I'll try to look into this.

In D158889#4633333 <https://reviews.llvm.org/D158889#4633333>, @wenlei wrote:

> 2. Instead of coupling this with a specific consumer, Pin tool in your case, and in the next patch, I suggest we build general support to decode such metadata section, so tools like llvm-objdump can be used to inspect its payload.

For the metrics, we need an execution branch trace for comparison, Pin tool we've found works for x86 and we have an tool for one of our internal targets. We hope to keep the tracing part minimally coupled to the compiler metadata.

Makes sense to add general support for extracting the section info. I can try to look into it.

In D158889#4633353 <https://reviews.llvm.org/D158889#4633353>, @mtrofin wrote:

> Even if relatively few groups would build up on such information, arguably PGO (as a technique) is probably the most impactful tool we have for improving performance. Like I think we're all observing here, profiles aren't necessarily well maintained throughout passes - it's actually easy to write a pass that accidentally and silently drops it, or that corrupts it somehow. I think having primitives in llvm that can help anyone interested build validation tooling and detect and fix such bugs would end up helping the community way more than their cost.

Agreed that it is easy to corrupt. The team I'm with at MediaTek has found cases in LLVM passes and our backend where branch weights are mishandled or not updated which was a driving factor to developing metrics for it.

In D158889#4633353 <https://reviews.llvm.org/D158889#4633353>, @mtrofin wrote:

> Maybe we can even, eventually, have a layer of defense doing this on a build bot with e.g. llvm-test-suite benchmarks. (I have a rfc for doing some even simpler validation transparently as part of opt/llc, would send it after the long weekend)

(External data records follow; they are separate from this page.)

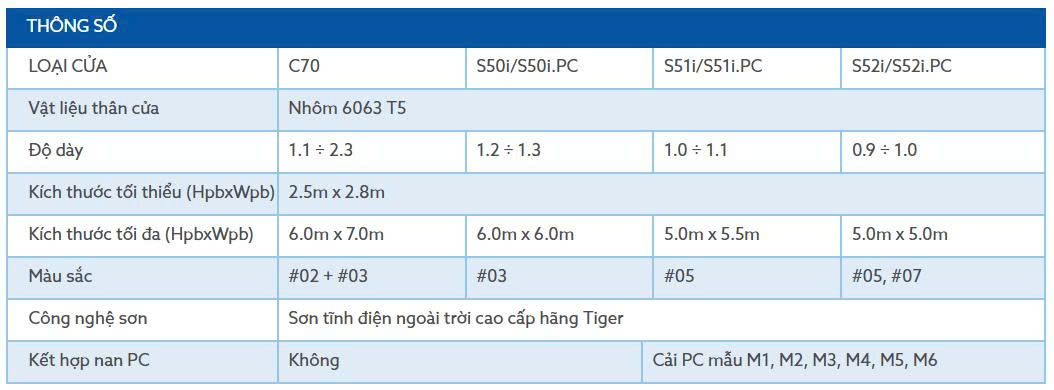 thông số kỹ thuật cửa cuốn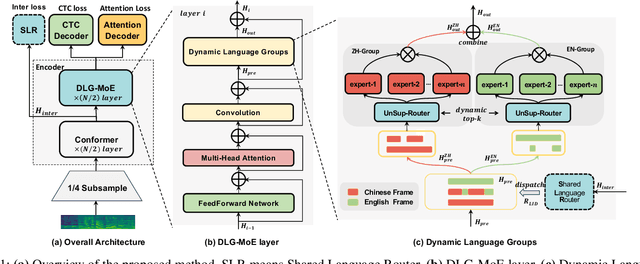 Figure 1 for Dynamic Language Group-Based MoE: Enhancing Efficiency and Flexibility for Code-Switching Speech Recognition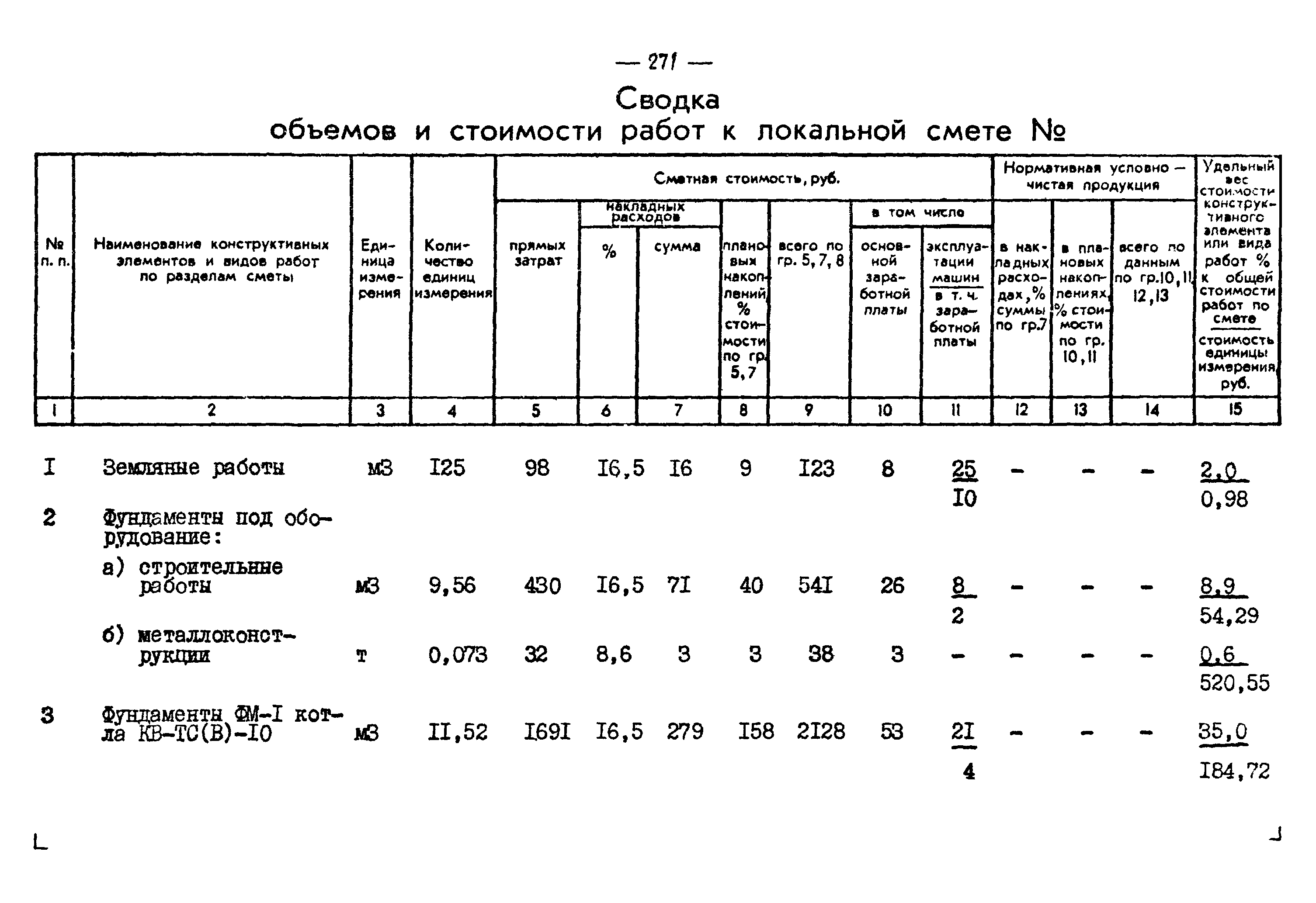 Типовой проект 903-1-224.86
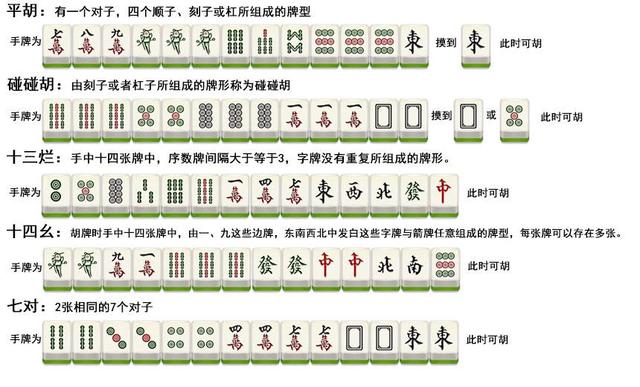 三分钟了解&quot;四川功夫麻将怎么开挂”-太坑了原来有挂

Internally we are planning to track some of our benchmarks using these metrics since we've found its helpful for this source of change/regression tracking for our PGO data.

In D158889#4633353 <https://reviews.llvm.org/D158889#4633353>, @mtrofin wrote:

> Actually - @red1bluelost - sorry if this would creep up the scope of your work, but since we're talking design choices, would summarizing in a RFC be maybe a good step? Then we can discuss the motivation and design choices in the community, and since there is similar work (@wenlei's earlier remark), their experience will surely help!

That makes sense. I can see about getting stuff written up. It will take some time. I'll also be giving a talk at the developer meeting in October on how we've been using the metrics and where we think it can help others.